As negligible a skill as cooking may seem, it’s one that could save students money in the long run and teach them independence, as would a financial literacy course.
Teaching self-sufficiency would combat many of the problems students face in their first college years.
Freshman year can be daunting for students just leaving their parents’ houses. While the First Year Experience is a novel sentiment to direct students through this transition, life skills would benefit students more in the long term.
Many students enter adulthood without knowing how to balance checkbooks, file taxes or change a car tire. As those problems come front and center in their lives, easily avoidable frustration ensues. While this may be true with study skills and meeting acquaintances, high school exhaustively attempts at conditioning these behaviors.
Conversely, requiring classes in life skills would help students beyond the classroom and far beyond graduation.

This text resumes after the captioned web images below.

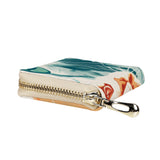 Cat Print  Zipper Card Holder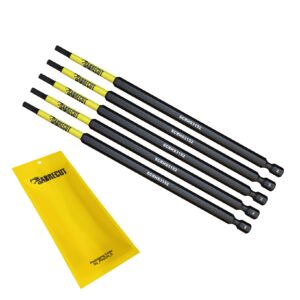 5pcs 152mm Hex (H3) Tamper Proof Security Impact Screwdriver Bits - SCRHS3152_5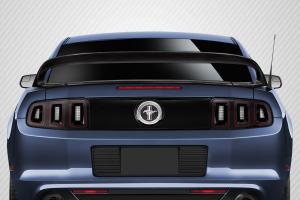 2010-2014 Ford Mustang Carbon Creations GT350 Look Rear Wing Spoiler - 2 Piece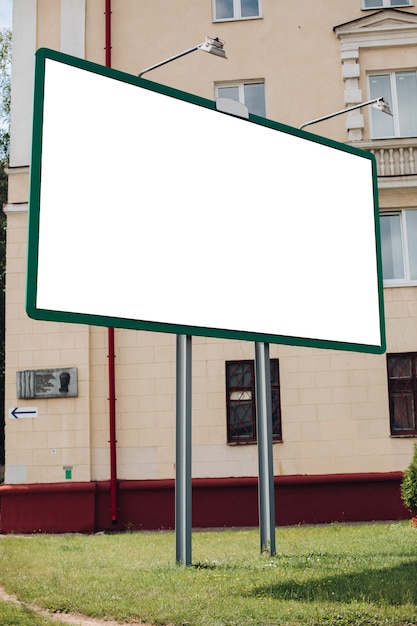 Billboard with blank surface for advertising | Free PSD File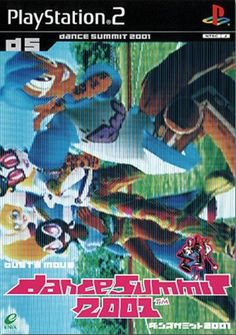 an advertisement for the game dance jamm's 2007, featuring various animated characters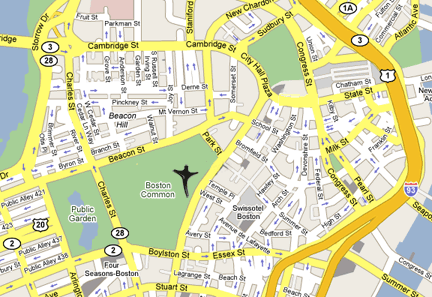 map to common cathedral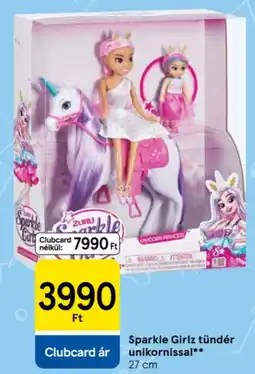 Tesco Sparkle Girlz tündér unikornissal ajánlat
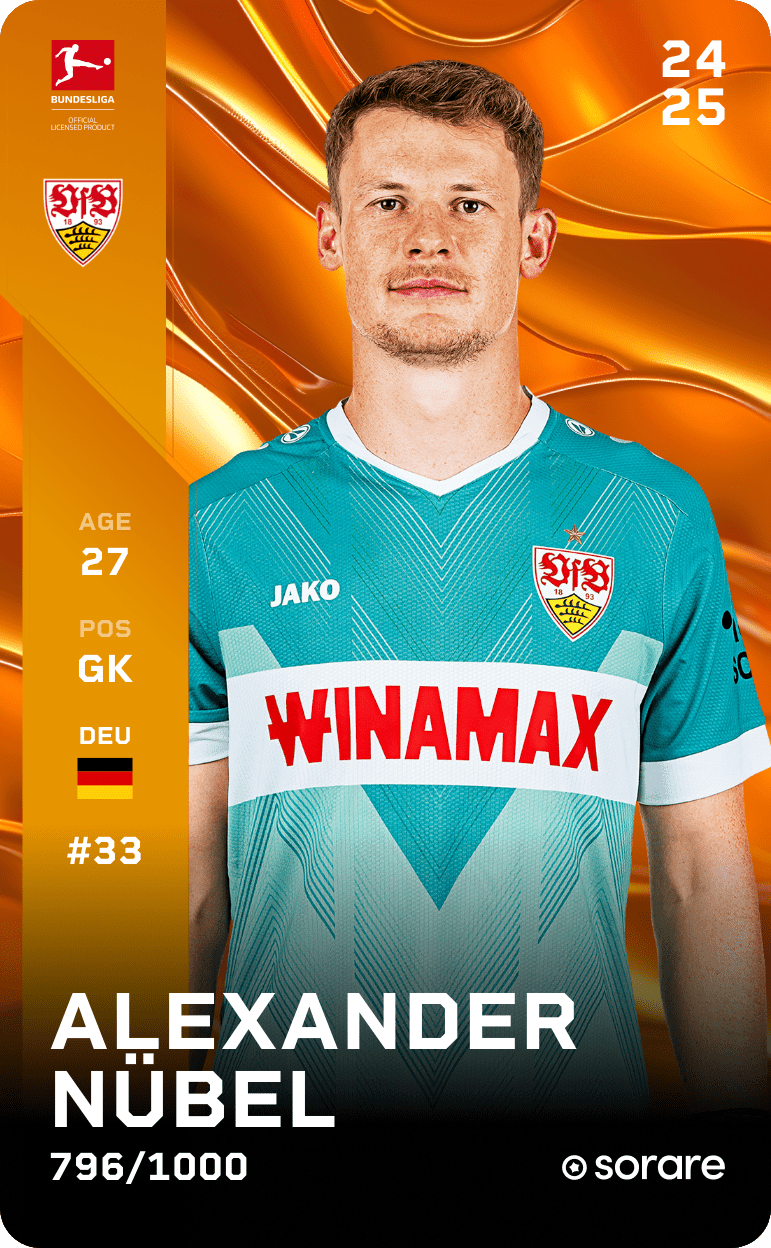 Alexander Nübel 2024-25 • Limited 796/1000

And Northern could implement these courses just as easily and effectively as they will with the First Year Experience.
Ironically, life skills courses would have much the same results as First Year Experience in socializing students with others (as the mandatory dorms already do).
Encouraging self-sufficiency would be an asset to new adults. For some, it may be tedious, but this is no different than the inevitable results of First Year Experience.
While retention rates are at play in the implementation of First Year Experience, the college will find that teaching life skills will be just as helpful in retaining students as teaching them smart study habits.
Teaching basic adult skills will result in crafting adult students.